This is actually an MPA requirement, and accoring to *protocol* specs
having the active side send a zero length RDMA Write should be able
to fix the problem. However there is language in the RDMAC verbs that
clearly implies that the active side must Send something, and that an
RDMA Write is insufficient.

Therefore, the only truly safe thing for an iWARP btl to do (or a
udapl btl since that is also an iWARP btl) is to have the active
layer send an MPI Layer "nop" of some kind immediately after 
establishing the connection if there is nothing else to send.





Re: [OMPI devel] [ofa-general] Re: OMPI over ofed udapl - bugs opened

2007-05-09 Thread Jeff Squyres

I talked with Steve a bunch on the phone about this.

1. This "connector must RDMA first" issue is an iWARP restriction --  
it's not specific to udapl or verbs.  For example, if you try to use  
udapl with iWARP on Solaris, you'll have the same issue (I have no  
idea whether you have iWARP drivers in Solaris or not).


2. Per his prior e-mail (which I didn't fully grok until I talked to  
him), using the RDMA CM in the openib BTL will not magically fix this  
issue for us.


3. So for any of the BTLs to support iWARP -- regardless of  
underlying protocol or OS -- they are going to have to obey this  
restriction.


4. Luckily, in iWARP, the restriction can be met by either send/ 
receive semantics *or* RDMA semantics.  You don't have to  
specifically use RDMA verbs semantics, for example.  This is good  
because of the way that OMPI works (the first fragment that will be  
transmitted is pretty much guaranteed to be a send/receive fragment,  
not an RDMA fragment) -- it makes the logistics slightly simpler.


Galen Shipman and I talked about this a bit and suggest the following:

- During the connection dance (probably for both the udapl and openib  
BTLs), whichever peer ends up being the connection initiator (don't  
forget about the race condition where 2 peers may simultaneously  
decide to initiate -- this case is handled properly in the OMPI code;  
but just make sure you modify the side that ends up being actual  
initiator), they can send their pending fragment immediately (and  
Steve is right that there will always be a pending fragment, because  
OMPI doesn't make a connection until the first send).


- The other peer (the receiver of the connection) must wait to send  
its pending fragment(s) until it receives the first frag from the  
connection initiator.  This can be accomplished either with another  
flag on the OMPI module struct or perhaps making it part of the  
connection protocol (i.e., don't transition the endpoint to be  
CONNECTED until the first fragment is received).  Either of which can  
be used to queue up fragments on the receiver until the first  
fragment is received from the initiator.  I'd have to look in the  
code deeper, but I'm *guessing* that it might be best to use the  
already-existing state flag (i.e., checking for CONNECTED) because  
then you won't be introducing any more conditionals in the critical  
path.





On May 9, 2007, at 4:45 PM, Donald Kerr wrote:


I guess I have not read enough about iwarp yet but if iwarp is sitting
below ib verbs or udapl in the stack and is trying to impose
restrictions which ib verbs or udapl do not adhere to then maybe iwarp
is in the wrong place in the ofed stack.

Having said that I do agree the OMPI community needs to consider where
iwarp plays in its own stack.
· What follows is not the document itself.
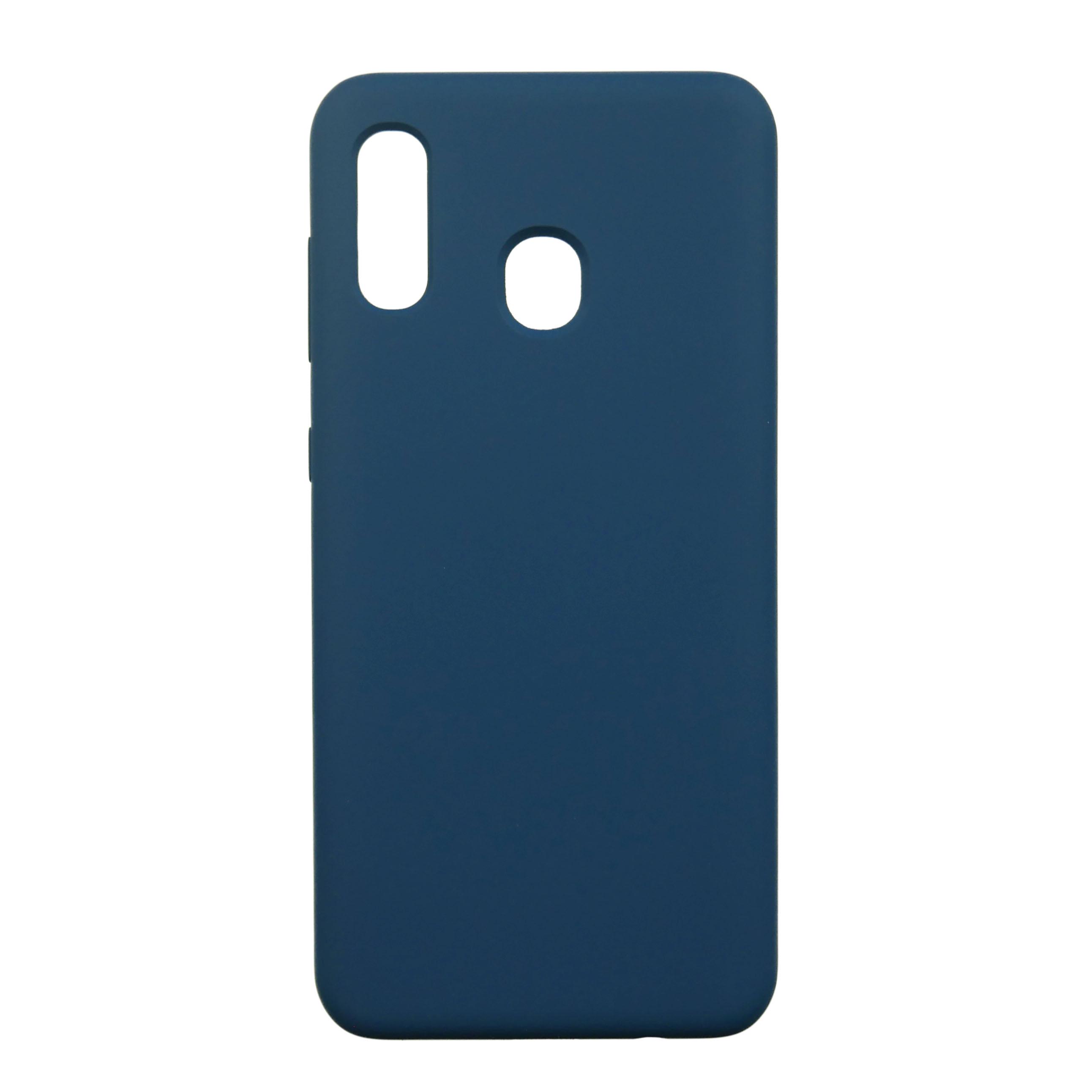 Чехол Jelly Silicone Case Samsung M10S/A20/A30 Sea Blue (20)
If it has not already.

Steve Wise wrote:


On Wed, 2007-05-09 at 16:27 -0400, Donald Kerr wrote:



So then I agree with Andrew, I think you are trying to impose
restrictions on uDAPL which are not part of the Spec.
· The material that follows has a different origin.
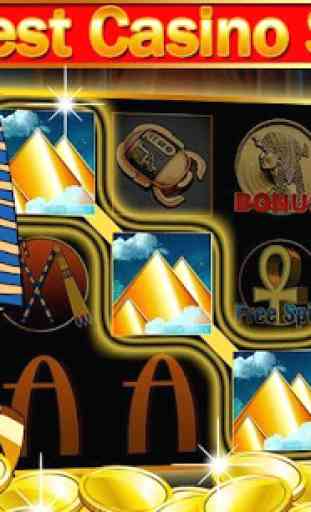 Pyramid of Pharaoh's Treasure - Egyptian 777 Slots 1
true, but if you want a single btl for IB and IW, then you'll need to
address this issue in some way...


___
devel mailing list
de...@open-mpi.org
http://www.open-mpi.org/mailman/listinfo.cgi/devel



___
devel mailing list
de...@open-mpi.org
http://www.open-mpi.org/mailman/listinfo.cgi/devel



--
Jeff Squyres
Cisco Systems



Re: [OMPI devel] [ofa-general] Re: OMPI over ofed udapl - bugs opened

2007-05-09 Thread Caitlin Bestler
Jeff Squyres wrote:

> 
> - The other peer (the receiver of the connection) must wait
> to send its pending fragment(s) until it receives the first
> frag from the connection initiator.  This can be accomplished
> either with another flag on the OMPI module struct or perhaps
> making it part of the connection protocol (i.e., don't
> transition the endpoint to be CONNECTED until the first
> fragment is received).  Either of which can be used to queue
> up fragments on the receiver until the first fragment is
> received from the initiator.  I'd have to look in the code
> deeper, but I'm *guessing* that it might be best to use the
> already-existing state flag (i.e., checking for CONNECTED)
> because then you won't be introducing any more conditionals
> in the critical path.
> 

The transport provider has several options on ensuring that
the passive side does not put a message on the wire before
the first message is received.

What the transport layer cannot do is create the first message
from the active side. Because it will have send/recv semantics
it will complete a receive work request, which the application
layer has to post with that expectation.

this nop does not have to be visible above OMPI, but I'm pretty
sure OMPI has to generate it. That isn't exactly fair to the 
application layer, but the RDMAC verbs are water under the
bridge. Assuming OMPI wants to work with *any* iWARP RNIC
then it needs to ensure that the active side will send something
promptly in all cases.







Re: [OMPI devel] [ofa-general] Re: OMPI over ofed udapl - bugs opened

2007-05-09 Thread Jeff Squyres

Understood, and I agree.

FWIW: note that the CONNECTED state that I refered to is internal to  
OMPI's endpoint abstraction (not an iwarp/udapl/verbs/etc. state).   
It's part of our connection dance protocol.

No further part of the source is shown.